As you’re trying to decide between buying a new home and looking into resale homes, there are a lot of considerations.  One area that may not be on your list is the Cost of Ownership of a home, especially a home that is more than 10+ years old.

Here are some of the considerations when thinking about the Cost of Ownership and how these considerations fit into your lifestyle.

  • Energy Efficiency that could result in lower utility costs: New homes frequently offer improved energy efficiency due to better wall insulation and high-quality heating and cooling systems. These features can provide comfort as well as cost savings, compared to their older counterparts. If you buy a resale home, keep in mind that you could end up with poor insulation, drafty windows or an old furnace, all of which may need to be replaced.
  • Efficient Design and features: Personalization is probably the area that differs the most between new and resale home purchases. If you buy a resale home, you can choose to do renovations to make the home your own. For example, you may decide to hire a contractor for a kitchen renovation before you move in. Or you might opt to live with the current décor for a bit while you save money for future renovations. When you build from the ground up, you’ll likely have more opportunities to personalize your home before you make it to the closing table. Keep in mind: One of the main perks of building from the ground up is that many of the personalization options—from cabinetry to flooring to home technology—may be able to be rolled into your monthly mortgage payment.
  • Lifestyle – free time: When you buy a resale home, you could be purchasing your share of projects inside the home. Even a home in good condition may need cosmetic changes to suit your style. By committing to these projects, you are making a choice to work on your home and set some of your lifestyle interests aside. When you build a home from the ground up, cosmetic choices like paint and backsplash tile will be personalized to your taste—and best of all—those projects will be done, potentially reducing your future projects for many years.

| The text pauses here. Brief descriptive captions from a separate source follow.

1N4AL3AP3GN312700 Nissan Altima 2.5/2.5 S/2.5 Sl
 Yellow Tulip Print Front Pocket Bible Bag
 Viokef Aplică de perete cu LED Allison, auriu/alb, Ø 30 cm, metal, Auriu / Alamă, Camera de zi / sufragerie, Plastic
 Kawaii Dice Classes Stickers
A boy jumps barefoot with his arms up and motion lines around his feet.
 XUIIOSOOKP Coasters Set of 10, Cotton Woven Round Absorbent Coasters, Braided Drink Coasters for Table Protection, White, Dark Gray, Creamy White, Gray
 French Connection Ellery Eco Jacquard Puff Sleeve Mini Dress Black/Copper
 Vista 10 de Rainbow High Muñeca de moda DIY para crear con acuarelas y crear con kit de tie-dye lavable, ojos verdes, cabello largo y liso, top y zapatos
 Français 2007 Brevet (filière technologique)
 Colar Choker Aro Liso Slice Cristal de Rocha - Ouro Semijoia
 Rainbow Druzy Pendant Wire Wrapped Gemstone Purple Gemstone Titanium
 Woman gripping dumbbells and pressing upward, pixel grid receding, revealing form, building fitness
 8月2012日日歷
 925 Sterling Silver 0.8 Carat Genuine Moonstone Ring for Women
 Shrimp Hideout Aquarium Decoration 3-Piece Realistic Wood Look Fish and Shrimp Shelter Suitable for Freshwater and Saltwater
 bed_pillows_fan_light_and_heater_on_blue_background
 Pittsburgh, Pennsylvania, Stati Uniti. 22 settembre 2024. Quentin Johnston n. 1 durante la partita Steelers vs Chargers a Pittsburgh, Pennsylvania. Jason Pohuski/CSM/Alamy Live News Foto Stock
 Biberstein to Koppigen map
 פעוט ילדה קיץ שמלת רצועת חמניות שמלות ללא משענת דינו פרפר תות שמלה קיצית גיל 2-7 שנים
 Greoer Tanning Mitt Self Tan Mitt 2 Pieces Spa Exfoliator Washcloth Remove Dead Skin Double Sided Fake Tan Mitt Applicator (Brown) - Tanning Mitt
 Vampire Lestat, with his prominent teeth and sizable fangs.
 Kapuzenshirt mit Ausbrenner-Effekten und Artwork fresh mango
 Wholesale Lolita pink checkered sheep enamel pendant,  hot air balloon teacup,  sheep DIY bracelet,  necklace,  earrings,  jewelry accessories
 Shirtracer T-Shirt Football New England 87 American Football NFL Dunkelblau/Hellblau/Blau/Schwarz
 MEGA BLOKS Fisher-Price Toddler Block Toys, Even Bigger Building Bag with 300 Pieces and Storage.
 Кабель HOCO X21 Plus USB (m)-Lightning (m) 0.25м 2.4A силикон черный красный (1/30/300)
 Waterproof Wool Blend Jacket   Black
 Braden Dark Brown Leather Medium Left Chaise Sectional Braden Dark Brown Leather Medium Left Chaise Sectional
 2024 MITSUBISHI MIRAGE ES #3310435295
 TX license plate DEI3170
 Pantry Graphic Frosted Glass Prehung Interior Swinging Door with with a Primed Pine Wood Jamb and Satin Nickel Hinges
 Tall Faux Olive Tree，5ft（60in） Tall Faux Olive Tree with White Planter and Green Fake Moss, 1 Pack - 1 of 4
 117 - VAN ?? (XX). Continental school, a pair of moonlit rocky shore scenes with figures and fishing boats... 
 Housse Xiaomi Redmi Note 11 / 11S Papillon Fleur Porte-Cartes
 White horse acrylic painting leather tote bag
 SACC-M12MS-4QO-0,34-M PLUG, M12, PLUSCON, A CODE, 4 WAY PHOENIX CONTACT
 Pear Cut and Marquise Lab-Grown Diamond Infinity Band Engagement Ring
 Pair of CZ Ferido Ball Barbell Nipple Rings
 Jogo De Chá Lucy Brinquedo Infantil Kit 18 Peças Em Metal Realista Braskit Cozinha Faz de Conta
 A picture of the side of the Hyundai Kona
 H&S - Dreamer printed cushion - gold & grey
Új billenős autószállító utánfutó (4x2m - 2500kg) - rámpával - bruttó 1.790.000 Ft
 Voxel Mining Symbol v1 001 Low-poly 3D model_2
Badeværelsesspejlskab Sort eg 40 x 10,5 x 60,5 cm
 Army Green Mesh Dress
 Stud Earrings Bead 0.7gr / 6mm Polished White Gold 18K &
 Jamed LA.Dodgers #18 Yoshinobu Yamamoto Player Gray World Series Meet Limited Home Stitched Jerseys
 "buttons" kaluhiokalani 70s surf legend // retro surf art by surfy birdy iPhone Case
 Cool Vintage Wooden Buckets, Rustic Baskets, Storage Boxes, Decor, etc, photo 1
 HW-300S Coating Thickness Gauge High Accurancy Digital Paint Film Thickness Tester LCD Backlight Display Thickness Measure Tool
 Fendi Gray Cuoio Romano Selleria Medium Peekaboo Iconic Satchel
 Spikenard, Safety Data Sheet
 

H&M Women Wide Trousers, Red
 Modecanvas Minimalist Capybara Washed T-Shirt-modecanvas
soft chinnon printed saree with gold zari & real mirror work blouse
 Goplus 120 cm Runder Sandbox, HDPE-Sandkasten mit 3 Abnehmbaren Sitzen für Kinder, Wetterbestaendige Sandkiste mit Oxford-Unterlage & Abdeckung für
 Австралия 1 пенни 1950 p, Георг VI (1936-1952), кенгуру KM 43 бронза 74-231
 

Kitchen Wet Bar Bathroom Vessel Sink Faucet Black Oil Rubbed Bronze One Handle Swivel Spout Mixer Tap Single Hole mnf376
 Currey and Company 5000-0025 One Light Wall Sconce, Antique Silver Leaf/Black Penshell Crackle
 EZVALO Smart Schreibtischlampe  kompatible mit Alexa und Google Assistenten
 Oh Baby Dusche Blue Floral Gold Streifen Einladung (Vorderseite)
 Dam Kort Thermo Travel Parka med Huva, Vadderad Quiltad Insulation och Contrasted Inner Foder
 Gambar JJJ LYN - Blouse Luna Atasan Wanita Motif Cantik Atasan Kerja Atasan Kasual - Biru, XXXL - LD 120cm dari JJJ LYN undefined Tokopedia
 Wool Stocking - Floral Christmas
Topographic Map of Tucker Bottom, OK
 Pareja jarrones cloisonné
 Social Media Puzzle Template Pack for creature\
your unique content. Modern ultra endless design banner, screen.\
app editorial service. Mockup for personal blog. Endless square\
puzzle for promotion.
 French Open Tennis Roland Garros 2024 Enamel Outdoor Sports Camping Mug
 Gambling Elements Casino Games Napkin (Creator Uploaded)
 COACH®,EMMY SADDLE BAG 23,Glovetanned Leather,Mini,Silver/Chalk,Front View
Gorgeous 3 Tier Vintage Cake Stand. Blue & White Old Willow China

  • Easier exterior: Even the facade of a brand-new home generally requires less maintenance than that of a resale. New homes are typically made with modern materials, designed to outlast their older counterparts. On a resale home, you may have to pay for a costly exterior paint job shortly after purchase.
  • Warranties: Brand new homes can include a builder’s warranty, providing an added sense of security for the year ahead. Heating and cooling systems are also new and often covered under manufacturer’s warranties, so you don’t need to worry about replacing them right after you move in. On the other hand, many resale homes don’t come with a warranty included in the price.
  • Appliances: Some builders offer homebuyers optimal convenience by including brand new appliances, such as a refrigerator and washer & dryer. And if they’re not already included in the price of your home, you may be able to roll their cost into your mortgage. When looking at the price of a resale home, you may need to factor in out-of-pocket expenses like replacing outdated appliances or buying a new washer and dryer. BONUS: You won’t have to remove or dispose of old appliances if you buy new.
  • Maintenance: The cost of maintenance is something many homebuyers overlook, but it should be a prime consideration when establishing your buying budget. Roof replacement, plumbing renovations and other emergency repairs add up quickly!

Here is an example of suggested costs and savings:

Does High Performance Cost More?
Principal – Loan+$10,000.00
Interest / Financing4% -5%
Taxes/ InsuranceSame or less
Additional Cost Payment$40 / month
Maintenance Expeses$60 / month
Savings in Utilities($60) – ($100) / month
Net Savings($80) – ($120) / month

As you can see, buying a new home offers distinct advantages that you’ll want to keep in mind while you’re shopping around. Be sure to compare the cost of new vs. resale homeownership, taking all of these factors into consideration. Making a smart move means looking at the big picture, so think about the benefits you’ll care about tomorrow as well as today.